September 9th, 2013

Nontechnical Skills Matter in the Cardiac Operating Room


CardioExchange’s Harlan Krumholz interviews Joyce A. Wahr, lead author of the AHA’s new scientific statement on the importance of human factors and teamwork in performing cardiac surgery.

Krumholz: What are the most important insights from this scientific statement?

Wahr: First, we now have strong evidence that nontechnical skills (teamwork and communication) play a critical role in patients’ surgical outcomes. Second, surgical teams can improve these skills and reduce human error with a few simple interventions. The statement reviews the data showing that team training and the use of briefings/checklists can actually improve outcomes. Traditionally, medical and surgical training has focused on development of intellectual acumen and technical skills. We have only recently realized that complex medical environments, in which highly trained subspecialists interact with one another and use sophisticated technology (e.g., cardiac surgery), resemble those in other high-risk, complex industries. In aviation, nuclear power, and the military, the importance of teamwork training and nontechnical skills (such as communication, cooperation, coordination, and conflict resolution) has been emphasized for decades.

Krumholz: Are the findings relevant outside the operating room?

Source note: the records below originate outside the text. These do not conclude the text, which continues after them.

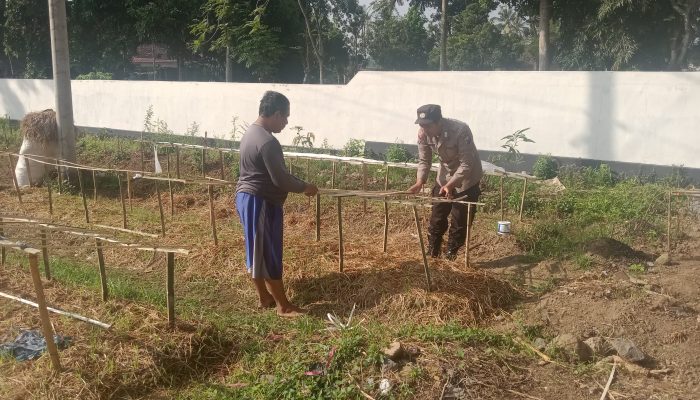 Gelorakan Swasembada Pangan Polisi Tanam Cabe di Lahan Polsek Tamankrocok Bondowoso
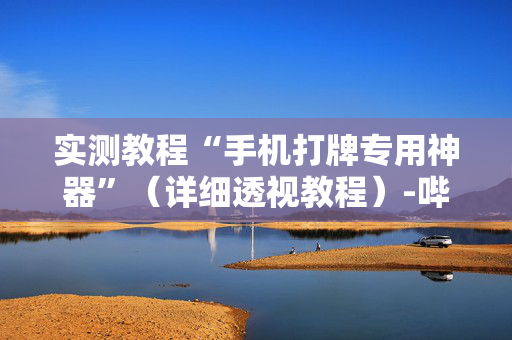 实测教程“手机打牌专用神器”（详细透视教程）-哔哩哔哩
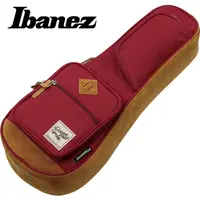 在飛比找蝦皮購物優惠-【恩心樂器批發】Ibanez POWERPAD 原廠 23吋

Wahr: The findings are relevant to every healthcare team regardless of its makeup or location in the healthcare system. Although we focused on studies addressing the challenges of reducing human error and improving patient safety in the cardiac and other surgical operating rooms, the concepts in these studies are broadly applicable—they have been studied in emergency departments, obstetrical units, medical intervention suites, and other healthcare settings.

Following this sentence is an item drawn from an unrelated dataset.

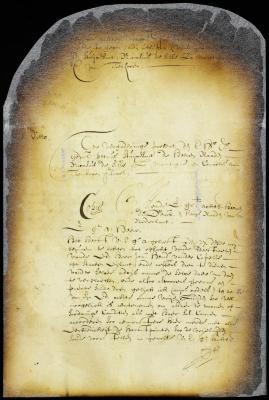 Petition of Dirck van Schelluyne, agent of baron Van der Capelle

Krumholz: What single change would have the biggest effect on patient safety?

Wahr: We would like to see all unit directors, department chairs, and hospital safety officers institute team training in their units. Excellent healthcare team-training tools exist—they simply need to be used. We also would like to see every cardiac surgeon lead a briefing with his or her team before every operation. Data show that such briefings improve many aspects of teamwork, including team members’ willingness to speak up. Briefings/checklists, together with team training, are the two distinct interventions that have improved surgical patient outcomes in large studies.


What’s your view about the potential for team training and presurgical team briefings to improve the safety of cardiac surgery?

3 Responses to “Nontechnical Skills Matter in the Cardiac Operating Room”

  1. Edward Bender, MD says:

    Could not agree more. This became particularly evident with the development of TAVR, in which so many specialists are treating such ill and frail patients. This was recently best exemplified by the approach that David Brown (cardiologist) and Mike Mack (cardiac surgeon) demonstrated at a recent international meeting during a live TAVR case (not that I’m a fan of live cases during meetings). Although I don’t remember the anesthesiologist and the non-physician personnel in the operating room, everyone was part of the process. All processes (routine or critical) were vocalized as if the operating room was the cockpit of a 747. Potential issues were discussed and everybody was assigned a potential activity should a particular problem arise. We should (and we try) to follow the same processes in every cardiac case, be it complex or routine. I think everybody goes into the case with the plan that the goal is to improve the health of the patient but with the realization that virtually every step of the procedure can produce a fatality.

  2. Watch the NFL- they huddle, play call, scheme, and audible(gestures and verbalization).
    As an interventionalists/proceduralist, after the scripted timeout I present the history, the readiness of the patient, indications for the procedure, anticipated findings and if hypothesis proven- proposed remedy. If unexpected findings- an in-procedure timeout to reframe the new information.

  3. Karen Politis, MD says:

    1.Cultivating an open atmosphere – listening to people’s suggestions. 2.Making a point of referring to patients with their names instead of “the gall bladder”.
    3.Keeping the whole team informed on the what we will be doing next.
    4.Being humble and admitting mistakes, but also being decisive when necessary – shouldering the uncertainty.
    5.Trying to keep the atmosphere relaxed, but efficient.
    And as the granddad of human factors, James Reason says, ensuring safety is dealing with “one damn thing after another”.